There were two books I remembered liking a lot when I read them in 4th grade, but couldn't remember the titles of later. Google helped me figure out they were Owls in the Family and Follow My Leader.

I wonder how they will hold up to re-reading.


Consuela - Aug 18, 2010 7:30:25 pm PDT #12027 of 28342
We are Buffistas. This isn't our first apocalypse. -- Pix

I love the Tomorrow books, and I wouldn't say they drop off, exactly. The last book has to wrap up the action and try to move them towards the new normal life.
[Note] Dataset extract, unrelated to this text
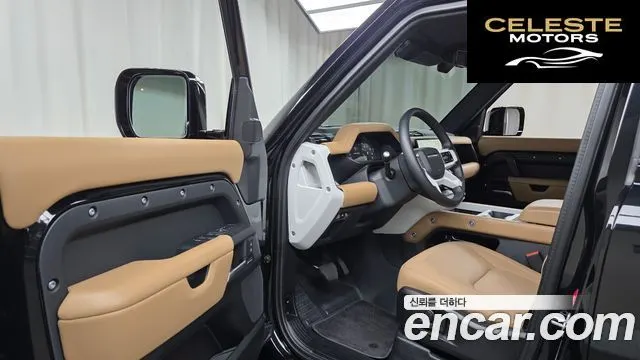 LAND ROVER Defender (L663) 110 P300 X-Dynamic SE 2025 — photo 13 sur 39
They do have to do that, yes. I just don't find the sequence with the POW camp all that pleasant. It all gets a bit more grim in the last one, I guess, as you start to see what the new status quo will be.

Ginger, did you hear that if this movie does well, they'll be making it a trilogy? Interesting.


Beverly - Aug 19, 2010 12:24:32 am PDT #12028 of 28342
Days shrink and grow cold, sunlight through leaves is my song. Winter is long.

dcp, is Follow My Leader about the kid blinded by a firecracker who gets a guide dog? I loved that one. And really took to heart the "don't play with leftover firecrackers on July fifth!" message. It was a nice little lesson for kids in perceiving life from a blind person's POV, while retaining the kid's personality.


Calli - Aug 19, 2010 1:09:22 am PDT #12029 of 28342
I must obey the inscrutable exhortations of my soul—Calvin and Hobbs

I highly recommend finding a copy with lots of notes.

Thanks, Laga. I live near a university, so this shouldn't be hard.


erikaj - Aug 19, 2010 5:46:45 am PDT #12030 of 28342
Always Anti-fascist!

That is exactly my problem, well, the biggest, with AMS.(I enjoyed the Number 1 *show* so much more than the books...Jill Scott was great) But really? Soothing mysteries? ur kinda doin it wrong. Also words that sound right coming out of Africans seem strange when a white guy puts in on the page. Although Pelecanos is absolutely a white guy(although first time I did check) who writes black people, and I fangirl all over him. But it only rarely feels like he writes dialect, which generally makes me uncomfortable. Huh, maybe he is not only soothing then.


sj - Aug 19, 2010 8:55:42 am PDT #12031 of 28342
"There are few hours in life more agreeable than the hour dedicated to the ceremony known as afternoon tea."

I'm currently reading The Body Artist by Don DeLillo. It's very intersting, and I just loved the opening section with the description of a typical breakfast between the couple. The stops and starts of conversations with questions unanswered or unheard seemed much more realistic to me than most dialogue one finds in novels.